Lab issue - Please check my projectile launcher calculations

[ranger275]

Lab issue -- Please check my projectile launcher calculations

I am making a lab for a class I teach and my results aren't working out and I need another pair of eyes to see if my method is wrong (I apologize if this should go in homework, but it isn't a homework question so I thought it should go here).

I have a projectile launcher. I used a force probe to find it took 7.5 N to push the launcher plug 3.5 cm or 0.035 m which gives me a spring constant of k=7.5/0.035=214. Using W=1/2kx^2 I found the KE of the projectile leaving the launcher to be KE=W=1/2(214)(0.035)^2=0.131 j. Setting KE=U I found the maximum height from 0.131=mgh where the projectile is 17 g or 0.017 kg so h=0.131/((0.017)(9.8))=0.79. When I fired the projectile my height was off by almost a factor of 2 so I think I am missing a factor of 2 somewhere. Any help would be appreciated.

 

[russ_watters]

Is the spring fully extended in the launcher? You said the launcher has a "plug" on it - did you consider its mass? I don't see anything wrong in your calc.

 

[Simon Bridge]

Since you have assumed that all the energy in the spring goes to height (gpe), and the energy in the spring is the work done to compress it, then Fd=mgh right? (where h is measured from the position of the projectile on the compressed spring ... did you apply a constant force all the way?)

h=(7.5x0.035)/(9.8x0.017)=1.5756m ... almost twice your calculation.
i.e. the result for a constant force applied the entire movement.

... Did your launcher fire 2x higher than calculated, or half as high?

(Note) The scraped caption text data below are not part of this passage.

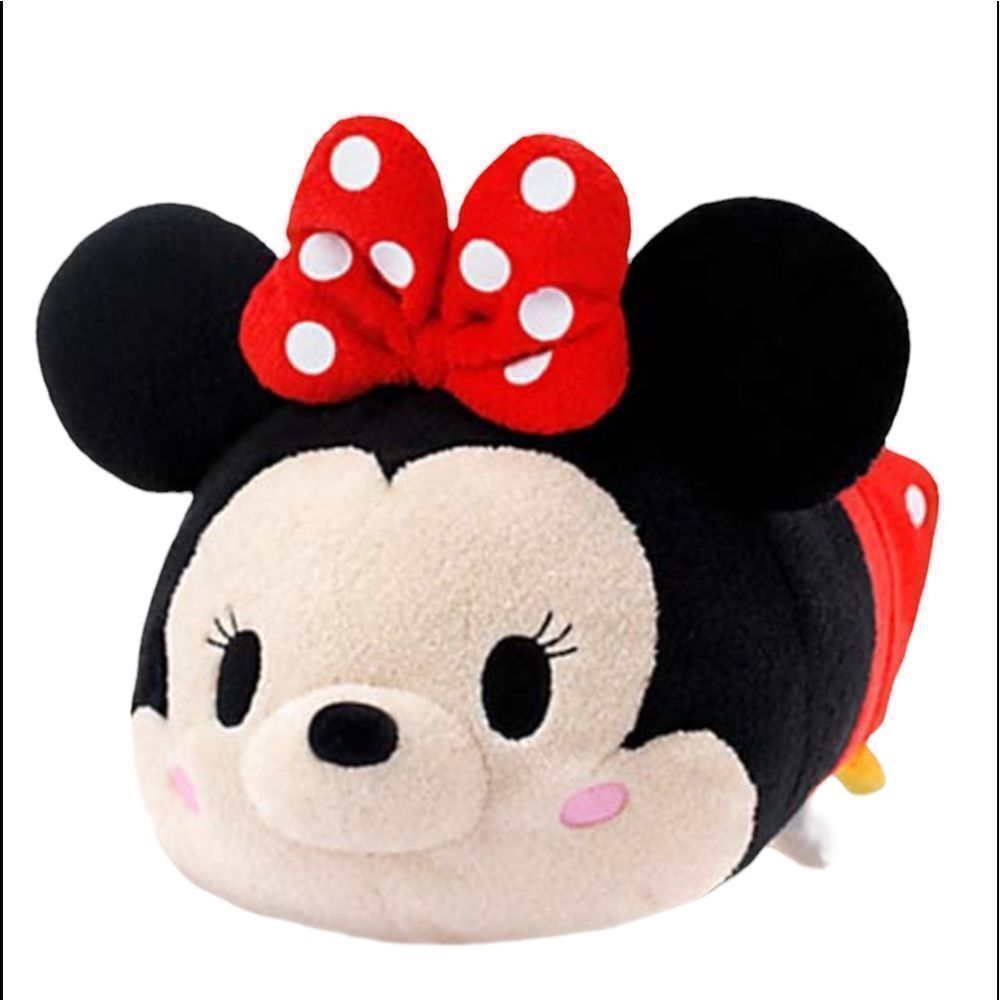𝅺New Disney Minnie Mouse Tsum tsum plush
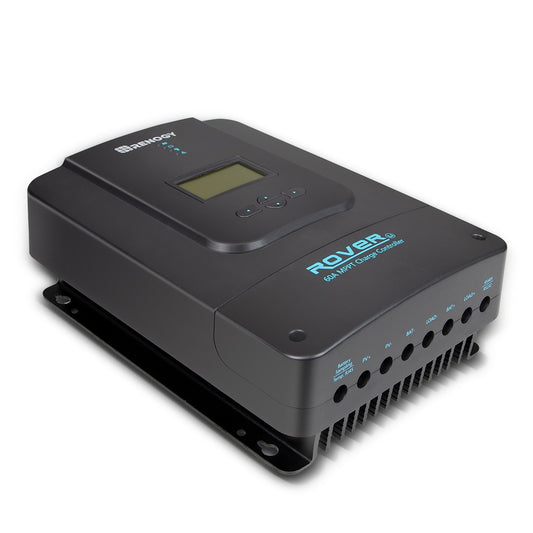 Renogy Rover 60 Amps Charge Controller RNG-CTRL-RVR60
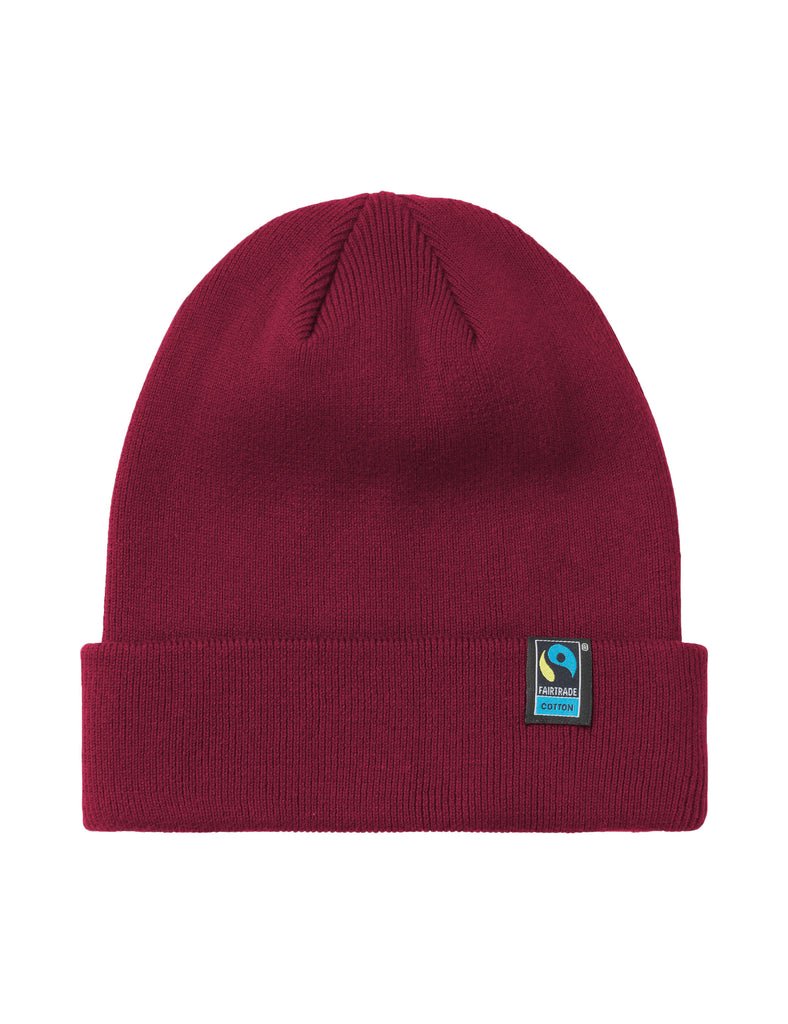 Fairtrade Organic Beanie - REGN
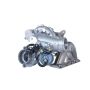 BorgWarner 53049880064 Turbocharger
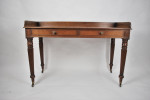 Early 19th century Mahogany writing desk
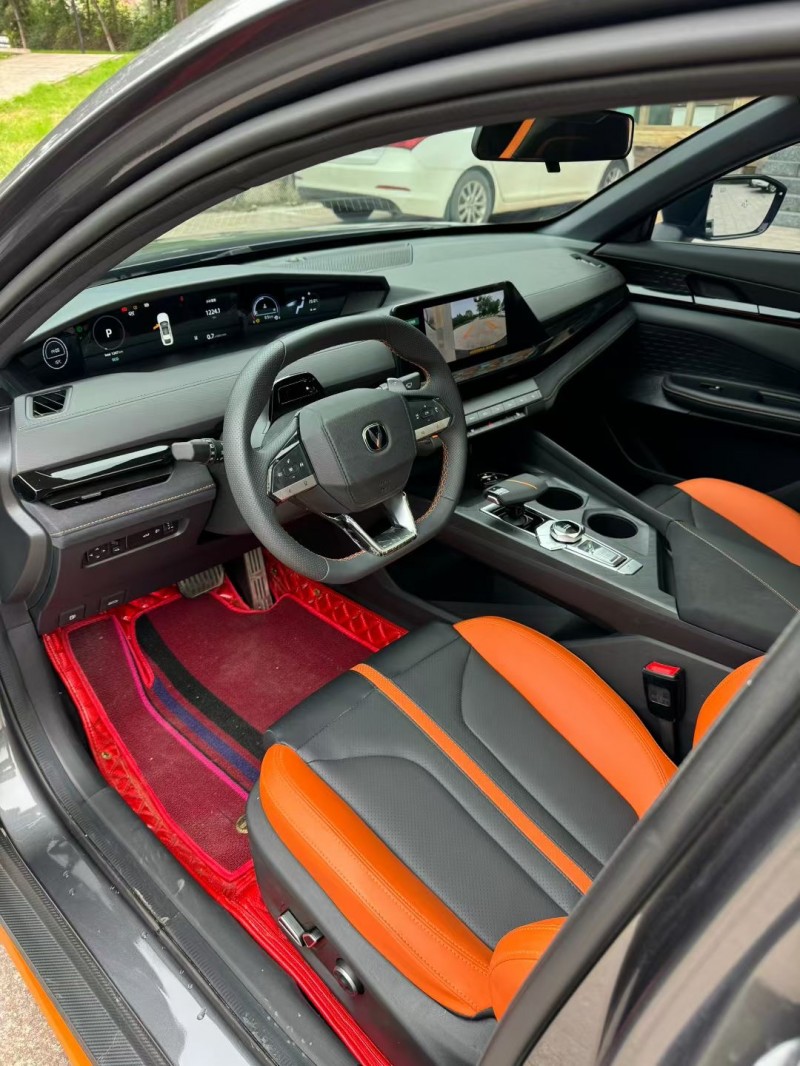 邢台25年长安汽车UNI5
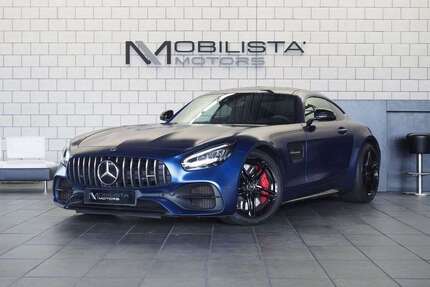 Mercedes AMG GT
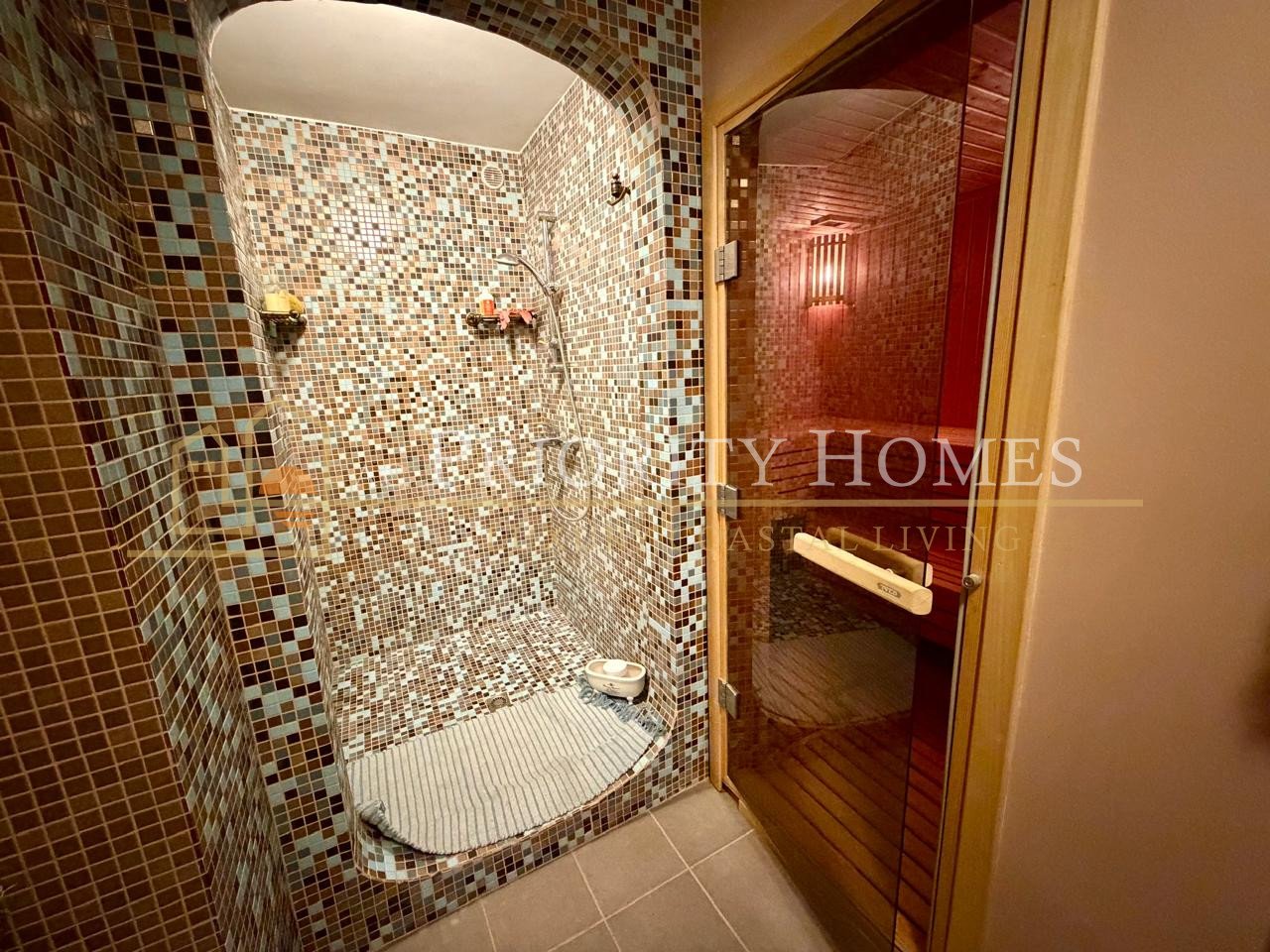 Exclusive Six Bedroom Five Bathroom Mediterranean Villa in Kissonerga Area of Paphos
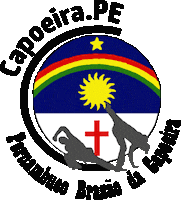 Capoeira Sticker by capoeiraluebeckmli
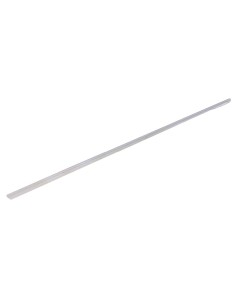 Joint de porte PVC droit Polar - Accessoire 828x28 mm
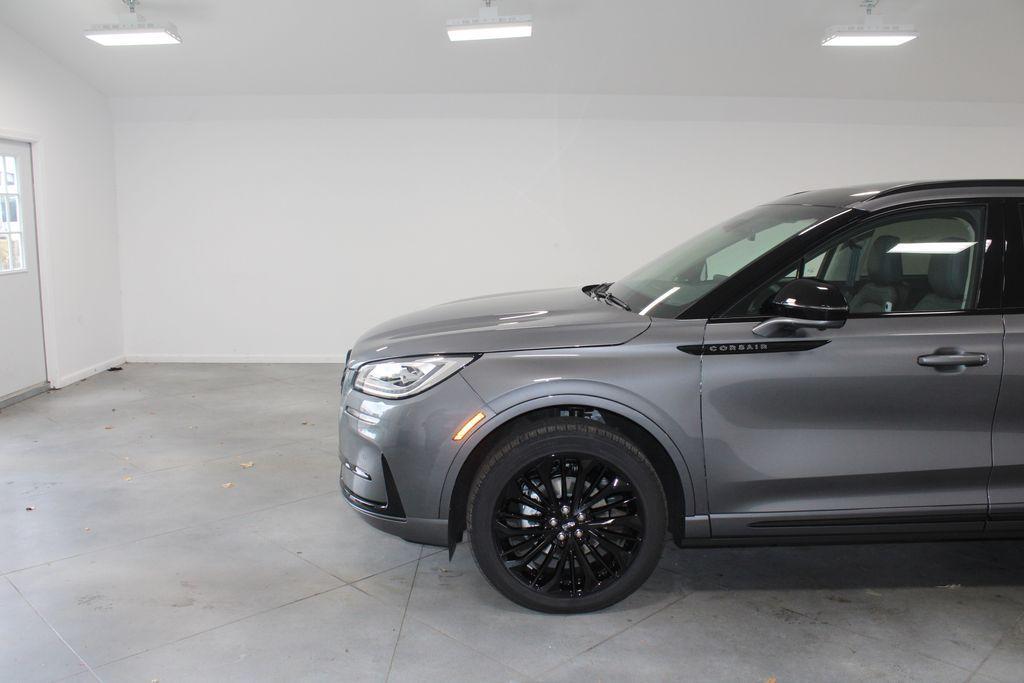 new 2024 Lincoln Corsair car, priced at $52,388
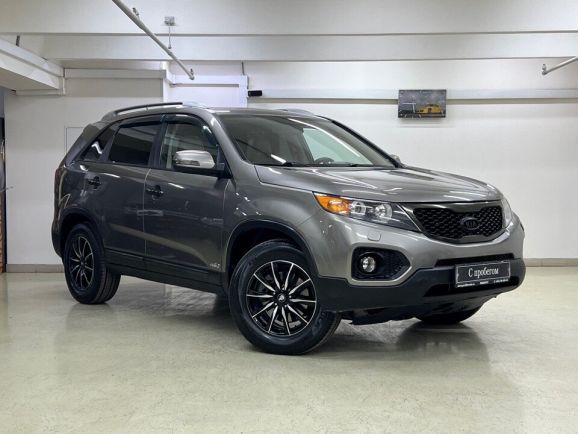 Kia Sorento Prestige, 2.4 л, АТ, 2010 фото 5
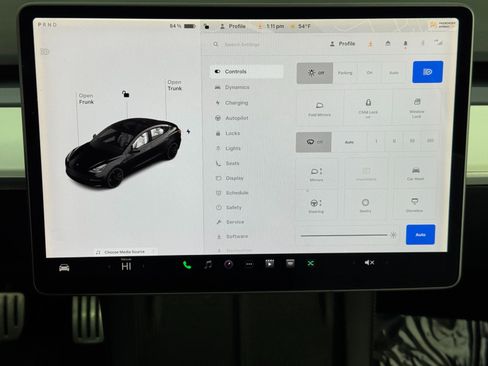 Used 2021 Tesla Model 3 Performance image 20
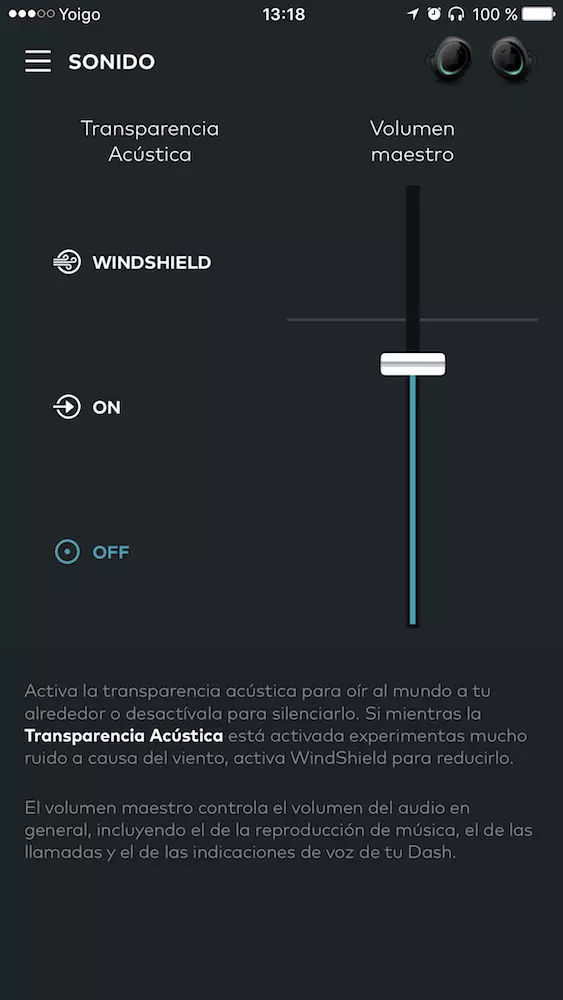 Foto de Aplicación The Dash (5/5)
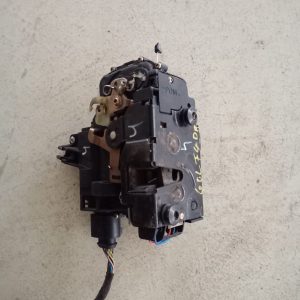 Broasca ,mecanism inchidere , incuietoare usa dreapta fata , VW Golf 4 - imagine 2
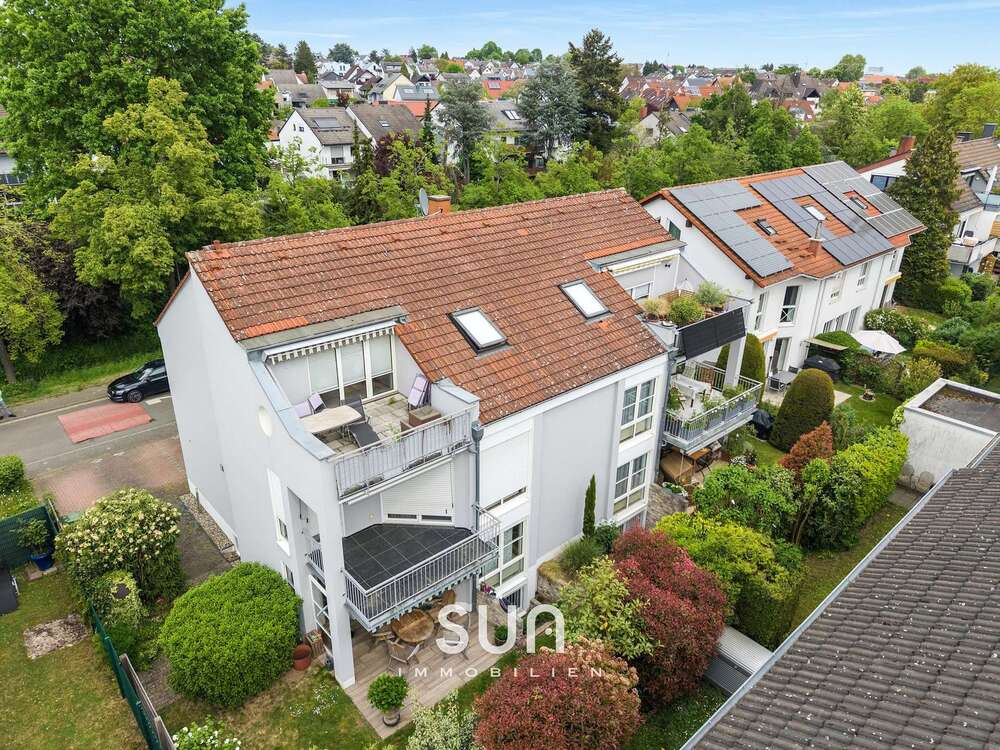 Thumbnail-Wohnung zum Kaufen in Sulzbach (Taunus) 389.000,00 € 85 m²
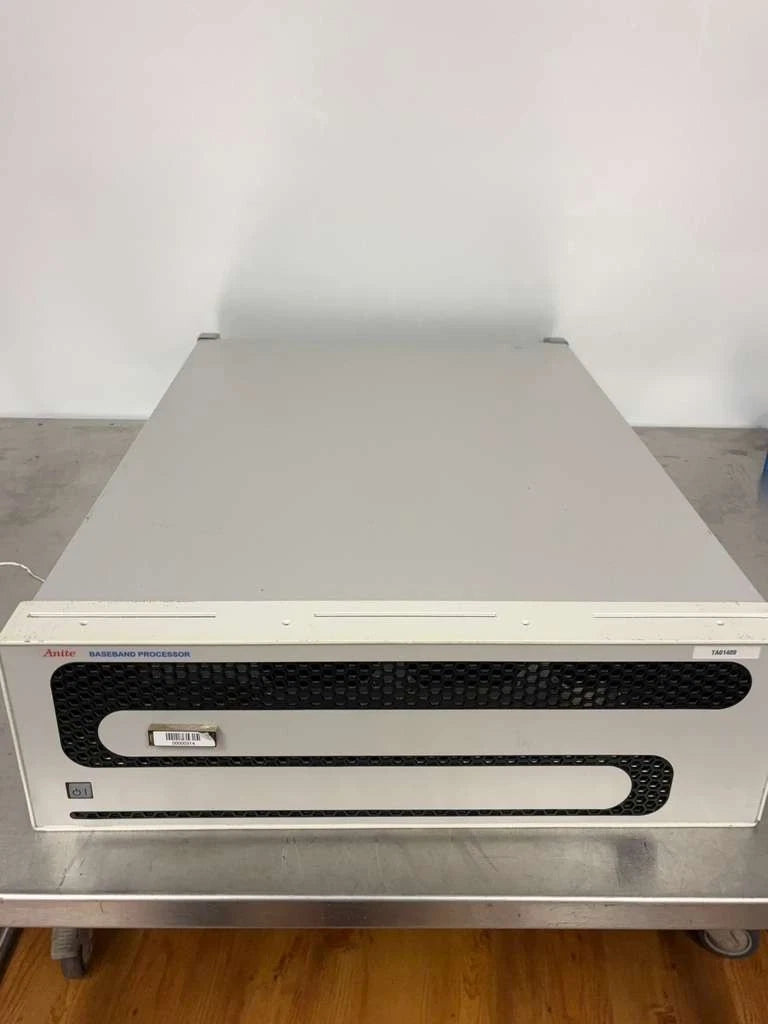 ANITE 000012955 BASEBAND PROCESSOR GSM/GPRS W-CDMA/HSPA RF CONFORMANCE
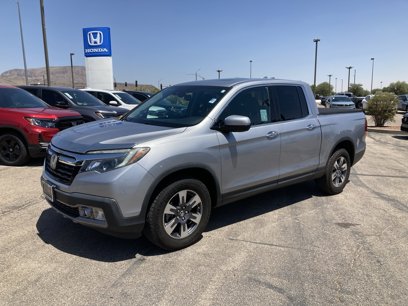 Used 2019 Honda Ridgeline RTL-E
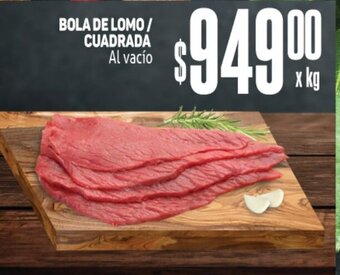 Makro Bola De Lomo / Cuadrada oferta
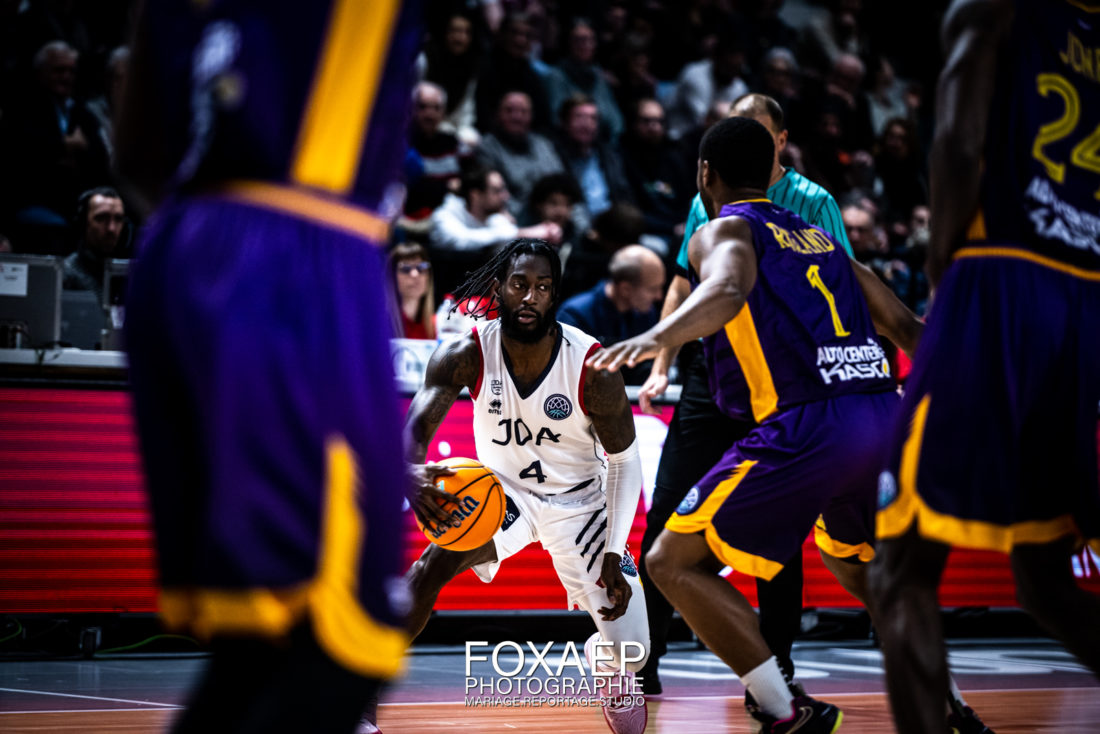 JDA BASKET VS HOLON – BCL – 08-02-23 — FOXAEP, photographe Bourgogne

Check that the spring obeys hooks law?

 

[ranger275]

I had not thought of the mass of the plug. My actual height was 0.43 so it was a little more than half of my predicted height. The plug would have to have a mass of 0.173 kg to make that much difference (U(stored in spring)-U(gravity at max height from launcher)=U(gravity change in launcher), 1/2(214)(0.035)^2- (0.017)(9.8)(0.43)=M(9.8)(0.035). The entire launcher only weighs 0.192 kg so I don't think the magnetic plug is anywhere near that. The force can't be constant because the spring force increases as you push the projectile in. I calculated k for x=0.068 and got 208 so it appears to follow hookes law.

I just had a thought. The launcher is magnetized to keep the ball from falling out. Could that be what is slowing the ball down? Thanks for the responses!

 

[Simon Bridge]

OK - so,

• for a spring that obeys hooks law (did you check)
• firing the projectile directly upwards
• neglecting -
  • air resistance
  • mass of the plug
  • rotation of the projectile (was it a ball?)
  • friction in the launcher
  • pull from the magnet
  • recoil of the launcher

$\frac{1}{2}Fd = mgh \Rightarrow h=79\text{cm}$​

You measured: $h=43\text{cm}$

Your rig sounds like a commercial one I've used before - it has an aluminium tube mounted on a protractor+plumb-line thing that you can bolt to a bench. The magnet is very weak so has almost no effect compared to other factors. iirc recoil of the launcher and air resistance were the biggest effects and we saw some effect from the rotation of the ball we used as a projectile.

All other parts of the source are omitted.